As mentioned in my previous post, PNGs are pretty easy to parse: data comes in chunks: the first 4 bytes state the chunk length, then 4 bytes of (ASCII) chunk type descriptor, then the chunk data, then a 4 byte CRC checksum. Some chunks are necessary: IHDR is the header that states the file’s pixel dimensions, color depth, color type, pixel ratio, etc; IDATs contain the actual image data. Other chunks are described by the format but not necessary. Finally, there are unreserved chunks that anyone can use, and that this or that reader can theoretically read. The chunk type is 4 ASCII bytes, and is both a (potentially) clever descriptor of the chunk, and 4 bits worth of information – each character’s case means something.

So my image should have had a few things: the PNG magic number, 25 bytes worth of IHDR chunk explaining itself, ~460KB worth of IDAT chunk, and then an IEND chunk to seal the deal. Those were definitely present in my terrible file. Additionally, there were a handful of proprietary chunks including several hundred mkBT chunks. I don’t know much about these chunks aside from the fact that they start with a FACECAFE magic number and then 72 bytes of… something… And I also know there are a lot of them. Some cursory googling shows that nobody else really knows what to make of them either, so I’m not sure I’m going to put more effort into it. Suffice it to say: Fireworks, by default, saves layers in PNG files, and this made a ~460KB file 14MB.

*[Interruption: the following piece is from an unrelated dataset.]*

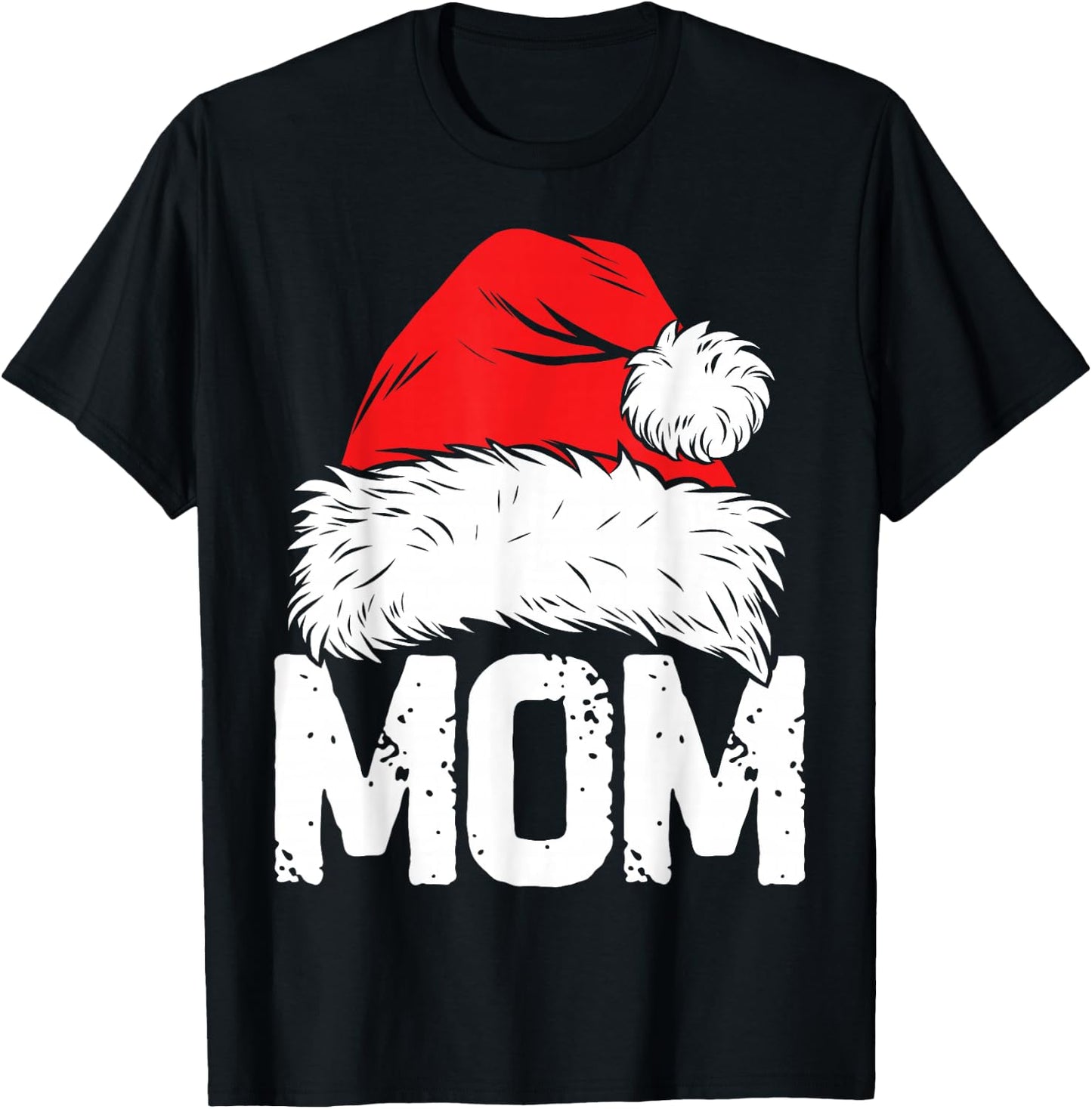 Mom Santa Christmas Family Matching Pajamas Mama Xmas Mother Short Sleeve T-Shirt - T-Shirt | Black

So why do the files even work? Well, remember I mentioned that case in a chunk descriptor is important – it provides 4 bits of information. Note the difference between the utterly important IDAT and the utterly bullshit mkBT. From left to right, lower vs. uppercase means: ancillary/critical; private/public; (reserved for future use, these should all be uppercase for now); safe/unsafe to copy. The important thing to glean here is that mkBT is ancillary — not critical. We do not need it to render an image.

So, when we load our 14MB PNG in a web browser, the browser sees the IHDR, the IDATs, and renders an image. It ignores all the garbage it can’t understand. This is perfectly valid PNG, because all of those extra chunks are ancillary, the browser can ignore them. PNG requires a valid IDAT, so Fireworks must put the flat image there. So, it works, but we’re still stuck with a humongous PNG. Most image editors will discard all of this stuff because it’s self-described as unsafe-to-copy (meaning any editing of the file may render this chunk useless). But for reference, pngcrush will eliminate these ancillary chunks by default, and optipng will with the -strip all flag.

Takeaways? Know enough about raw data to see that your files are unreasonably large, I suppose. Or automatically assume that a 14MB file on your homepage is unreasonably large, regardless. Maybe that takeaway is just ‘perform a cursory glance at your filesizes’. Maybe it’s flatten your images in Fireworks before exporting them to PNG. Maybe instead of just performing lazy exports, web folks should be putting the time in to optimizing the crap out of any assets that are being widely downloaded. Maybe I’m off track now, so my final thought is just — if it looks wrong, save your audience some frustration and attempt to figure out why.